Girişimcilik Hakkında 10 Korkunç Gerçek

Girişimci olma hayali kuranların akıllarına büyük hayaller peşinde koşmak, imparatorluklar kurmanın heyecanı ve kendi alanında daha önce hiç kimsenin yapmadığı kadar iyi şeyler başararak dünya üzerinde bir iz bırakabilmenin verdiği keyif gelir.

Ancak öyle bir dönemdeyiz ki girişimcilik iş bulamayanlar için adete bir sığınak gibi. Bugün girişimciler adeta rock yıldızı gibi görünüyorlar.
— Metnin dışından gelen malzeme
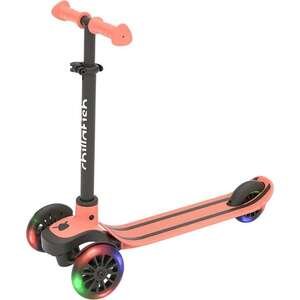 קורקינט Scotti Glow 3 גלגלים – ורוד פלמינגו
Girişimcilik elbette eğlenceli, özgürleştiren ve ödüllendiren bir iş. Fakat aslında, girişimciliğin kimsenin pek fazla sözetmediği bazı karanlık tarafları da var. Girişimci olmak son derece meşakkatli, sabır tüketen ve zorlu bir süreç. Umarım vurdumduymaz bir yapınız vardır. Çünkü gamsız olmaya ihtiyacınız olacak.

Bu makalenin amacı girişimcilikle ilgili popüler medyada anlatılanların haricindeki gerçek resmi paylaşmaktır. Yani çirkin kısımları… Çünkü gerçek şu ki herkes astronot olamaz, herkes doktor olamaz, herkes sandviç yapamaz ve herkes de girişimci olamaz.
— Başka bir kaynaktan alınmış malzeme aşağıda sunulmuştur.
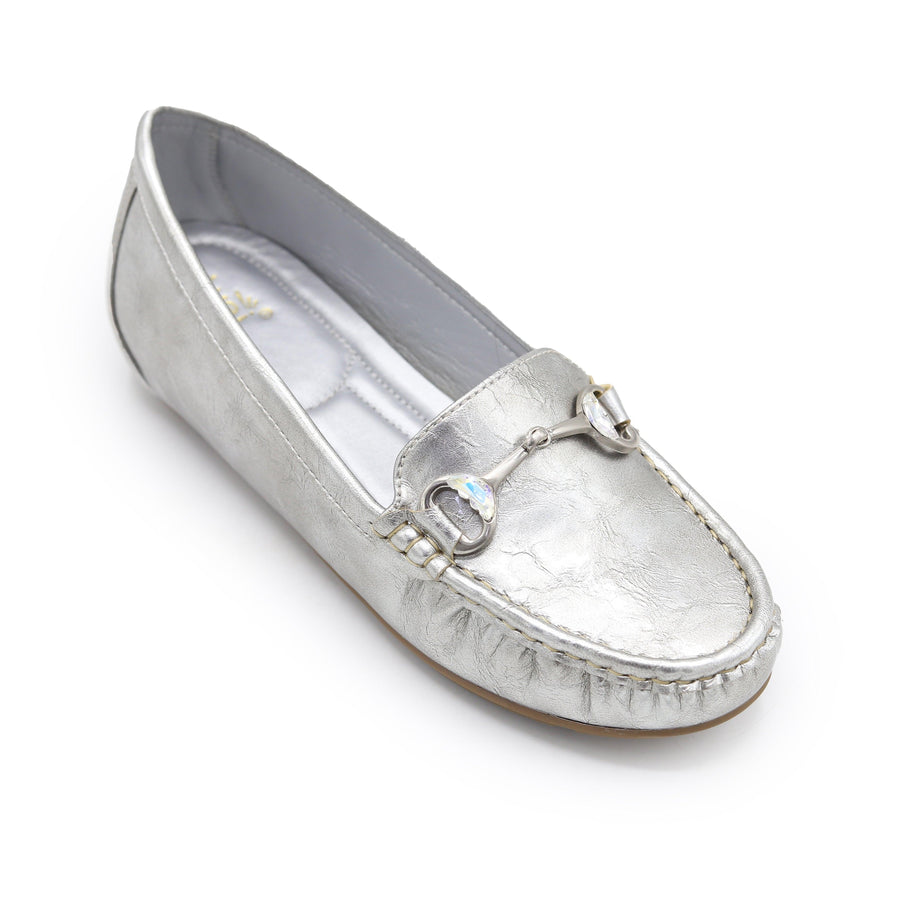 Loafers 8004599 Silver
İşte girişimcilikle ilgili 6 korkunç gerçek:

 

1. Kendi patronunuz değilsiniz

kendinizi-dusunun

Ben de tıpkı öteki milyonlarca girişimci gibi kendi patronum olmayı istiyordum. Kısa sürede öğrendim ki, büyük girişimcilerin hiçbiri esasında patronluk yapmıyor, yalnızca patron ünvanı taşıyor. Benim şirketimde 300’den fazla satış profesyoneli ve personel var ve esas patron onlar.
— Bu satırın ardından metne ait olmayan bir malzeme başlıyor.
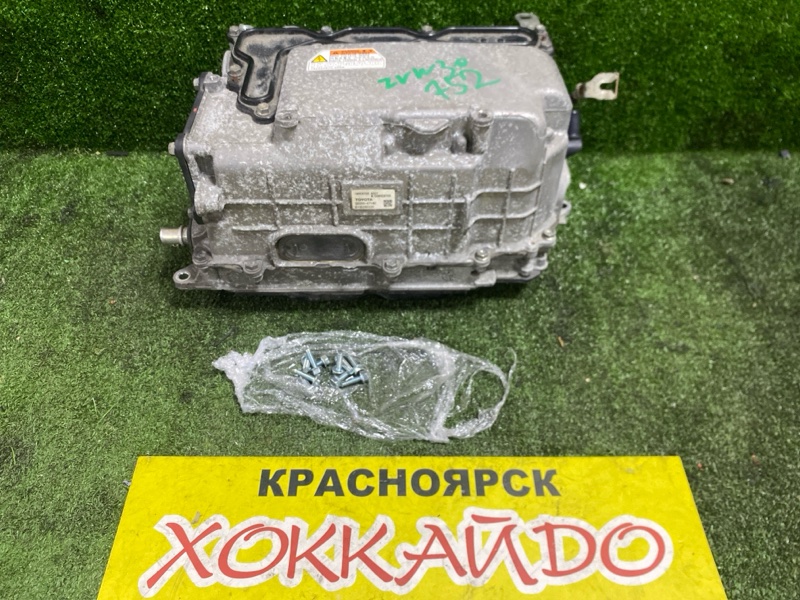 Инвертор Toyota Prius ZVW30 2ZR-FXE 01.2009 (б/у)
Muhteşem şirketler, o oluşumu yürüten insanların söylediklerine kulak vererek kurulmuştur. Ne zaman çalışanlardan biri bana “patron” dese, hemen o kişiye benim de bir çalışan olduğumu hatırlatırım. Ben onların çalışanıyım, gemiyi yürüten 300 patron var ve ben onların tek çalışanıyım.

 

2. En yüksek maaşı alan siz olmayabilirsiniz

az-sermaye-ile is-kurmak

O kadar çok girişimcinin inanılmaz büyük paralar kazanacağına dair öyle muazzam görüşleri var ki… Elbette bazıları kazanabilmektedir. Ancak bunu başarmak uzun yıllar sürer. Muhteşem bir imparatorluk kurmak için en iyi satış ekiplerine ihtiyacınız var ve bunun için çok sağlam finansal yatırım gerekir.

İmparatorluğunuzu bir üst düzeye taşıyabilecek insanı bulduğunuz vakit, onu işe almak için kendi maaşından vazgeçen kişi siz olacaksınız çünkü girişimcilik budur. Şirketiniz tıpkı bir çocuk gibi, artık kontrol edilemez bir düzeye gelecek. Kendi cebinizden karşılamanız gerekse bile şirketinizin başarılı olmasını her şeyden çok istediğiniz için ne gerekiyorsa yapacaksınız.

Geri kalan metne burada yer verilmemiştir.